Proof: The utility participation ratio is antimonotonic because a spatial feature instance that participates in a row instance of a co-location c also participates in a row instance of a co-location $ c' $, where $ c' \subseteq c $. Because the utility participation index is the minimum in all UPR(c, f_i) of co-location c, when the size of the co-location increases, the utility participation index is decreases, so it is also monotonically non-increasing.

Theorem 1.

If a size-k co-location pattern c_k= {f₁, f_2,… f_k} is the high utility co-location pattern, each size-(k-1) co-location pattern $ c_{k - 1} \subset c_{k} $ must be the high utility co-location.

Proof: According to lemma 1, it is easy to be proved.

3 UCP Mining

3.1 Basic Algorithm

The basic UCP mining algorithm uses the generate-and-test methods, that is, generate candidates, and test each candidate to identify whether it is a high utility co-location pattern. Algorithm 1 shows the pseudocode of the basic UPC mining.

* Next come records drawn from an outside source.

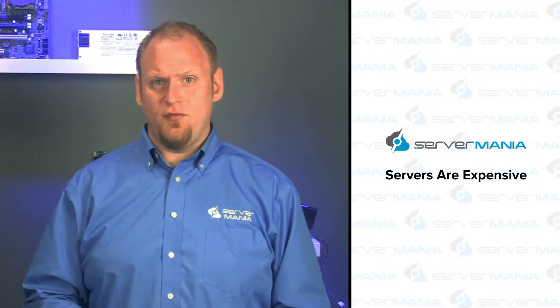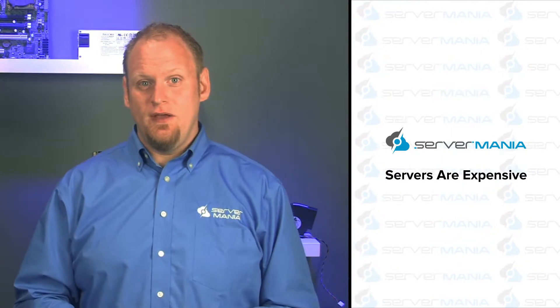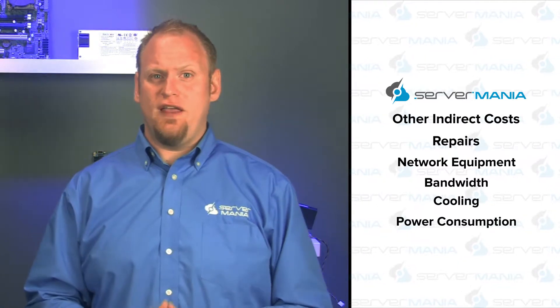The servers themselves, of course, cost when you have to buy them outright, and when they break down or need to be replaced, you get to pay for it. Even if you take great care of them and maintain them well, they still need to be updated and replaced, and at some point you'll naturally absorb that cost. With anything related to computing machinery, you have to schedule proper routine maintenance — that also costs. Also, figure in some kind of 24/7 administrative staffing for your network and servers to watch out for the unexpected, and be able to immediately and properly respond to any issues that may arise. This costs a lot. Other indirect costs like repairs, network equipment, bandwidth, cooling, and power consumption all cost you, and this can quickly add up.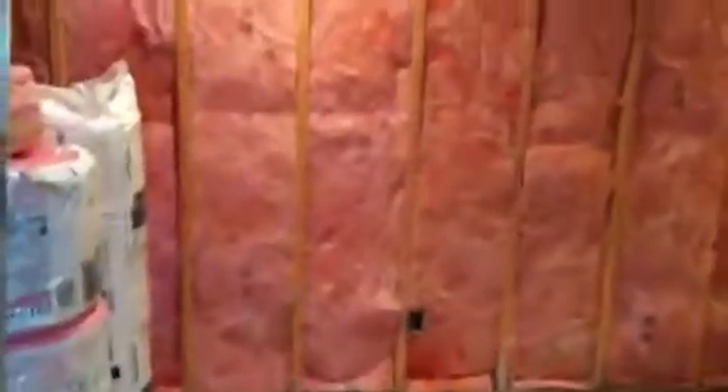Alright, second update — we got electrical done and got the plumbing done today. Had to cut a big trench in the ground.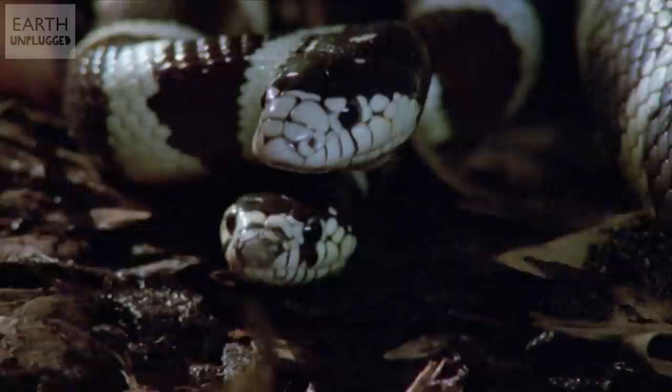For more amazing facts from the natural world, make sure you subscribe to Earth Unplugged, and I'll see you soon.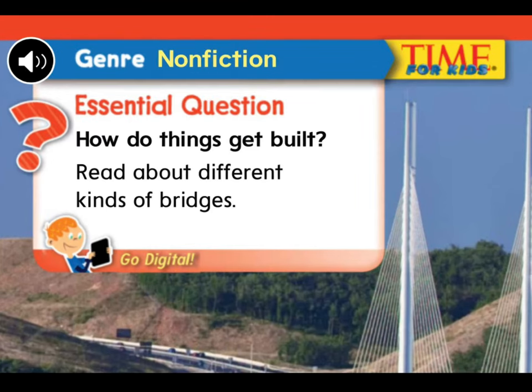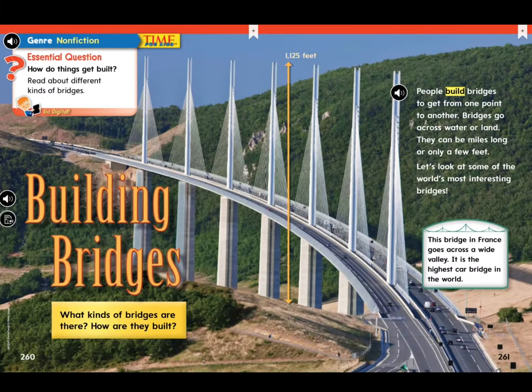This week's Essential Question asks: how do things get built? We're going to read about different kinds of bridges. Building bridges — what kinds of bridges are there? How are they built? People build bridges to get from one point to another. Bridges go across water or land. They can be miles long or only a few feet. Let's look at some of the world's most interesting bridges.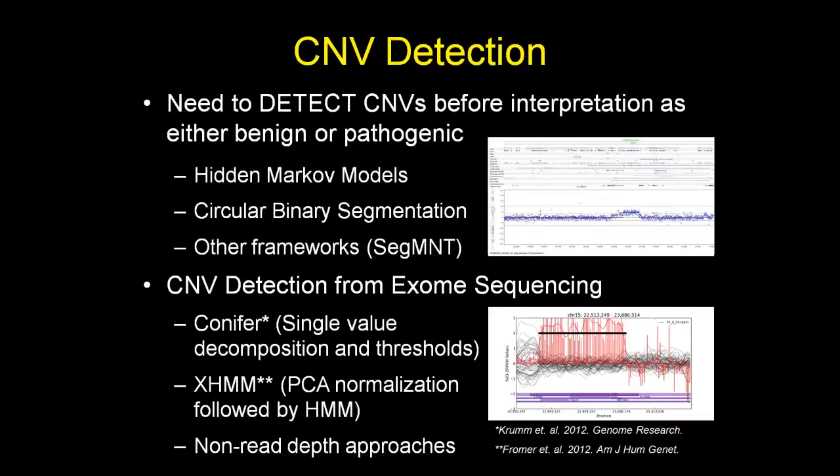The top picture shows microarray data, while the bottom shows data from a patient in a large autism cohort — a copy number variant duplication detected using the Conifer algorithm between breakpoints one and two at 15Q11.2, a locus many in the field have become very familiar with from microarray data.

Initialization (Step 1–3):

First of all, according to the importance of the regions, the data space is divided into m regions, and the utility value for these regions is set, respectively, u₁, u₂,…, u_m. And then size-1 high utility co-location patterns sets and size-1 table instance sets are initialized.

Generating Candidate Co-locations (Step 4–6):

Given a spatial data set and a distance threshold, all neighboring instance pairs can be found by using a geometric method such as plane sweep. Meanwhile, the set of size-2 candidates and the set of table instances of C₂ can be generated from the neighbor instance pairs. For k > 2, size-k candidate co-locations and table instances of them are generated from size-(k-1) high utility co-location patterns. Here, we use the antimonotone of utility participation index to prune the set of generated candidate patterns.

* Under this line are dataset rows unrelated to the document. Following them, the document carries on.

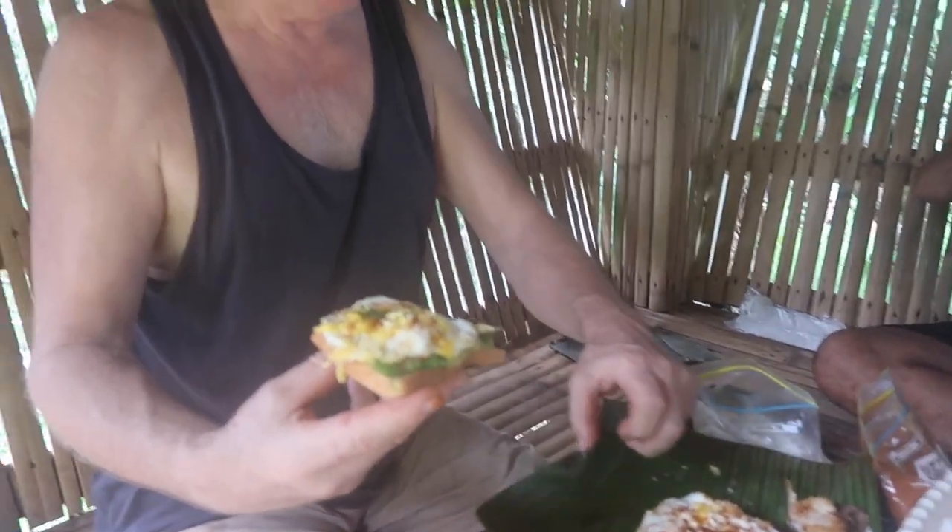We've got homegrown plates as well, but they won't hold up to a knife, so I'm gonna have to eat the sandwich like that. Maybe I'll get you your own plate so you can use the knife.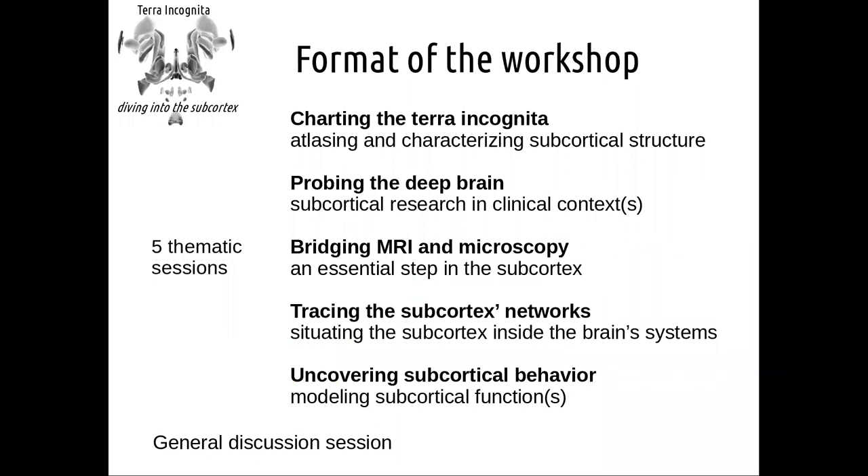The format of the workshop is organized over five different thematic sessions. First, we're going to talk about charting the Terra Incognita, specifically looking at efforts towards atlasing and characterizing subcortical structure. Then later tonight, we're going to talk about probing the deep brain, putting subcortical research particularly in a clinical context. I'm very happy that we also have in this session four speakers looking at subcortical issues in very different ways and for different diseases.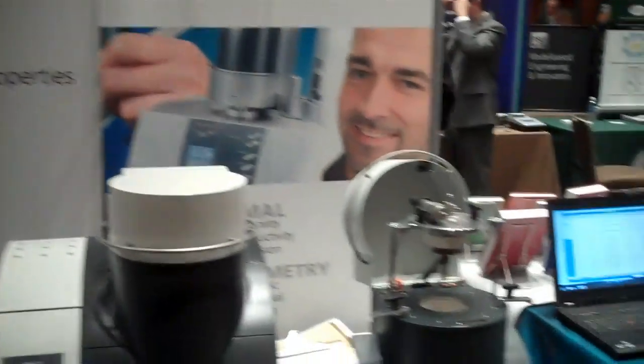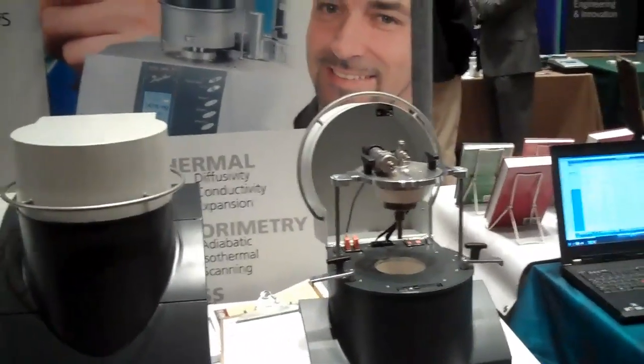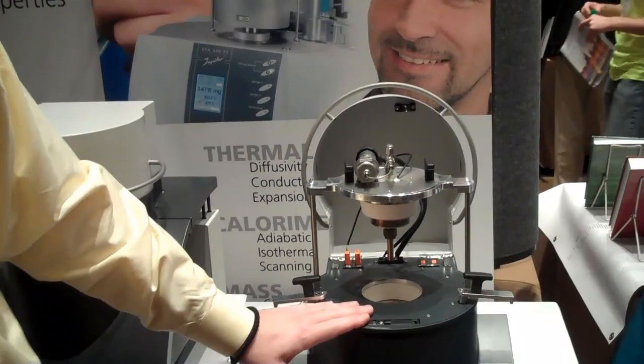At this particular show, we have a highlight here — our MMC, which is called the multi-module calorimeter. That's particularly used in the process safety area where people are interested in knowing the worst-case scenario for their products. For instance, if you have a pharmaceutical or a chemical, you want to know at what temperatures a runaway reaction will occur. In this particular case, we have a module called an adiabatic reaction calorimeter, or ARC, as many people know.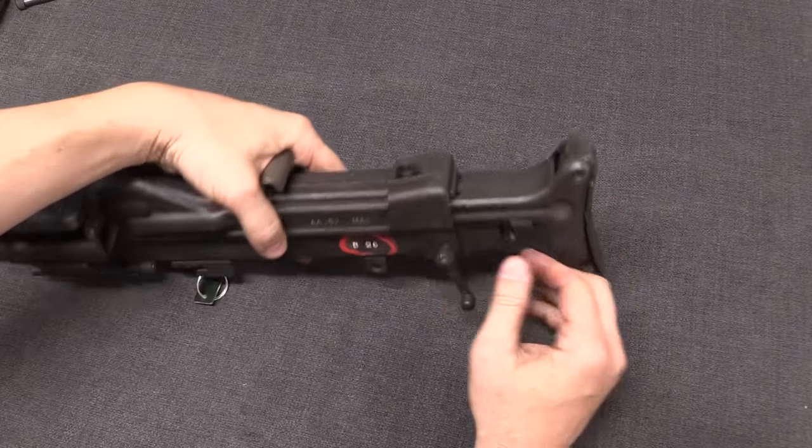Lifting these up, I can take out this pin, which allows me to take off the feed tray and top cover. Our bolt assembly has four separate components: the bolt carrier — or bolt extension — the actual bolt head, the lever arm, and the firing pin. Pull the bolt head right off the front and the firing pin comes out.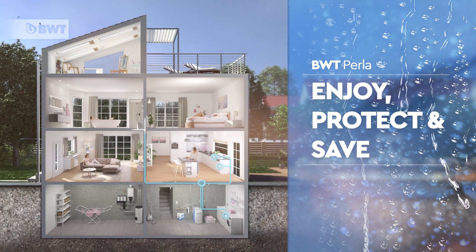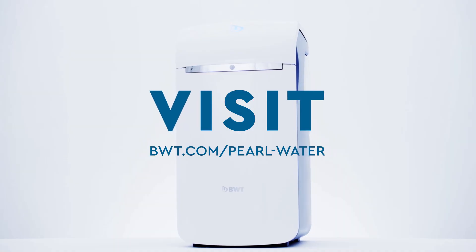Enjoy, protect and save money throughout your home. Available now from your BWT installer.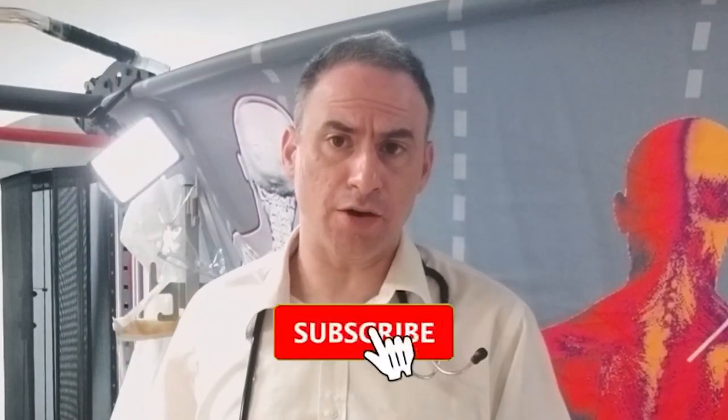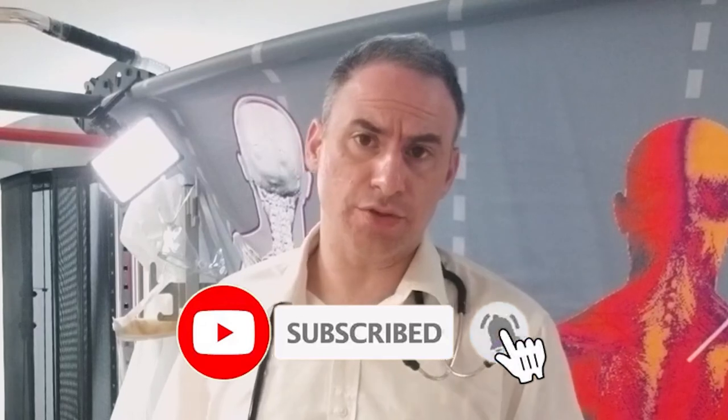Leave me some comments and maybe click the subscribe button below and the bell so that when I put out another video, you'll know. Thanks a lot and I'll see you on the next video.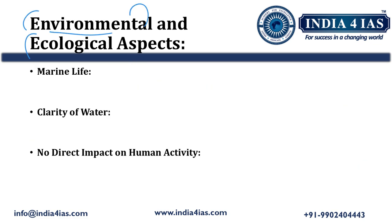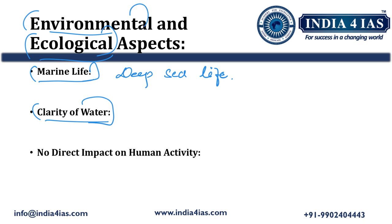Regarding the environmental and ecological aspects of Point Nemo: first, marine life — even though Point Nemo is located in a remote area, it is home to deep sea life, unlike coastal areas with corals and fish. Second, clarity of water — biological activity at Point Nemo is very minimal, and combined with minimal human interference, the oceanic water at Point Nemo is very clear, making it one of the clearest oceanic waters on earth.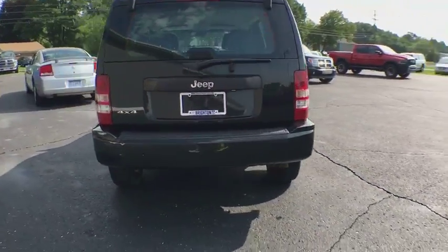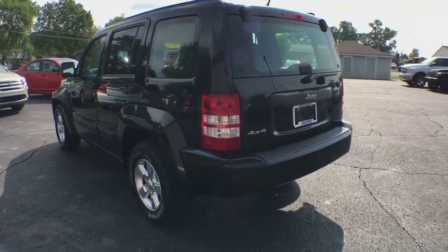This vehicle has less than 110,000 miles. Here are some of this vehicle's great options.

Discovering High Utility Co-locations (Step 7–8):

First, we calculate the UPI of each candidate co-location according to the Definition 6. Then, we identify high utility co-location patterns by the UPIs of candidate co-locations and the given UPI threshold θ.

Steps 4–9 are repeated with the increment of size k. Note that the row instances which lie across two regions are ignored in Algorithm 1.

3.2 Improved Algorithm

The basic UCP mining algorithm can efficiently discover utility co-location patterns due to the antimonotone property of UPI. In this section, we present an improved UCP mining algorithm for reducing the computational cost.

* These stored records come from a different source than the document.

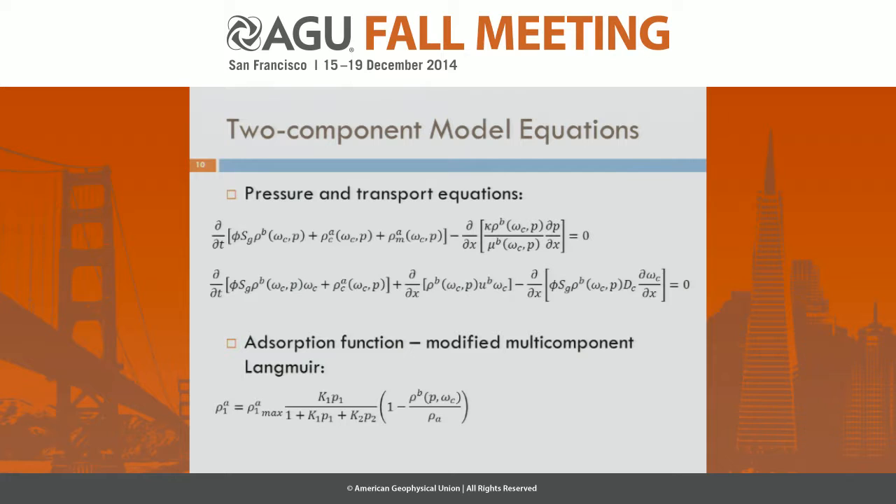We want to extend this to a two-component model so we can represent both the CO2 gas and the methane gas. Our model is a system of two coupled equations: a pressure equation and a CO2 transport equation. The pressure equation is a non-linear diffusion equation with a Darcy diffusive flux and a mass accumulation term including the bulk gas density and the adsorbed densities of both CO2 and methane. For the bulk gas density, we use a Peng-Robinson equation of state to calculate the density.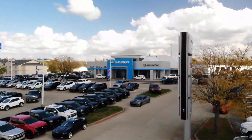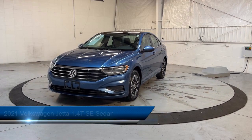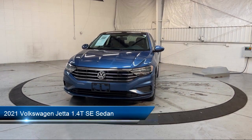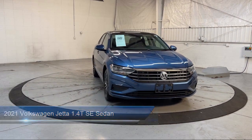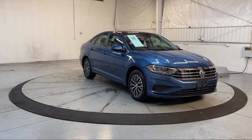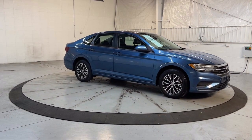Welcome to Dan Cummins of Georgetown. Here's a look at one of our many great vehicles for sale. It comes equipped with heated front seats, keyless entry, rear view camera, rear seat center armrest, outside temperature display, electronic stability control, speed sensing steering, and alloy wheels.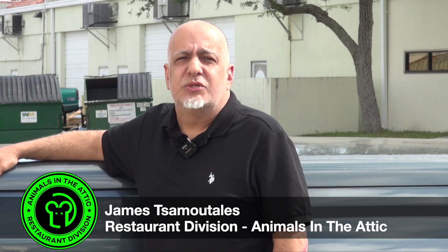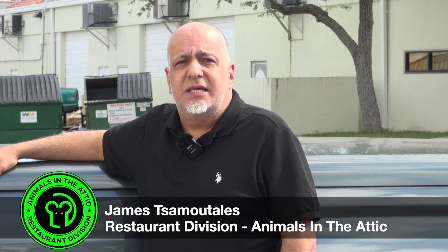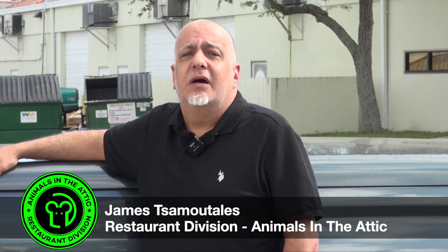There's nothing quite as devastating as the rumor of a rodent problem in a restaurant. My name is James with Animals in the Attic Restaurant Division. Keep watching for more tips on how to prevent one.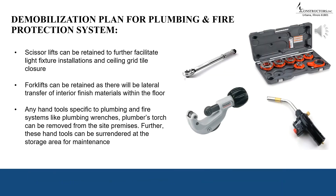The demobilization plan for plumbing and fire protection: scissor lifts can be retained to further facilitate light fixture installations and ceiling grid tile closures. Forklifts can be retained for lateral transfer of interior finished materials within the floor. Hand tools specific to plumbing and fire systems, such as plumbing wrenches and plumber's torch, can be removed from the site and surrendered at the storage area to enable the maintenance process.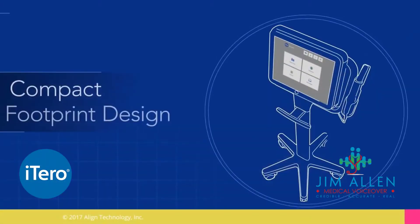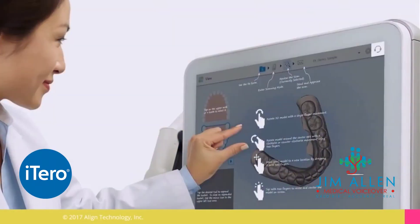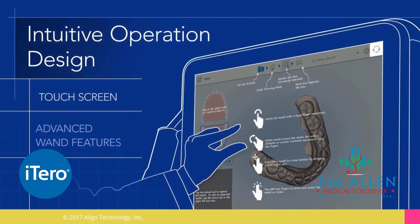NuMe Clear Aligner Therapy and iTero intraoral scanners are a natural fit if you are using or considering adopting digital intraoral scanning in your practice.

As shown in Fig. 1, the instances of feature B and C in pattern {B, C} exist in a high utility region, but there is no row instance of {B, C}. Therefore, the utility participation index of {B, C} is low. Through this observation, we get the improvement of basic algorithm: m regions are sorted from high to low according to the utility values, and the regional number is 1, 2,…, m in turn. And then we mine high utility co-location pattern with the strategy of generate-and-test based on the sorting regions.

Definition 7 (utility of feature within a region).

Within region l, suppose $ S_{i}^{l} $ is a set of instances belonging to a feature f_i. The utility of f_i within region l is denoted as $ u_{l} (f_{i} ) = \sum\nolimits_{{f_{i} .j \in S_{i}^{l} }} {u(f_{i} .j)} $.

For example, in Fig. 1, the utility of feature A within Region 1 is u₁(A) = u(A.6) = 8.

Definition 8 (utility of feature in co-location within a region).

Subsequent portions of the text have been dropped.